The answer is intentionality. The objective
world is subject to change, as is the understanding of men. We cannot know the
full properties of God, because, among other things, God is transcendent of
human understanding. How can mortal man then understand the properties and
nature of the divine, and how can the gods have a genuine involvement in the
world? The answer arrived at, it would seem, is that the human understanding
does not need to encompass the actual nature of the divine in order to have
commerce with it.
This is an exceptionally important point, since, beyond
legitimizing commerce with the divine despite the definition of God as beyond
human understanding, it also provides the intellectual basis for the creation of
multiple gods. Essentially therefore the idea of isolating the properties of
God, insofar as they can be understood, was understood to be a way of accessing
the nature of these properties, and therefore to allow operations to take
place, establishing a commerce between the divine and the world of change.
Intentionality explains why the ancients
created a multiplicity of gods. If the divine itself cannot by definition be
completely defined and understood, at least certain properties and attributes
can be understood. These can therefore be defined and named as ways of
accessing the divine. This does not at all conflict with the idea that the
reality of the divine is in question. Instead this view argues that there is in
fact a subjective component in the reality of the divine, at least insofar as
it is possible for us to have commerce with it.

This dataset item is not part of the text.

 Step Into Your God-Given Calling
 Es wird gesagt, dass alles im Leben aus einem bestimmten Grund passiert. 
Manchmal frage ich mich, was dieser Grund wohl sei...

That is to say, some aspects of
the divine are accessible to the human mind. We cannot prove that it is real or
that it exists in any sense, but despite this uncertainty, there are certain
properties of the divine which are indisputable. Proof of the whole nature of
the divine is unimportant, since this cannot, by the definition of the divine,
be demonstrated.. We might then say that all connection with the divine therefore
is an act of faith rather than certainty. The nature and power of the divine
can be understood, defined, invoked and accessed by man.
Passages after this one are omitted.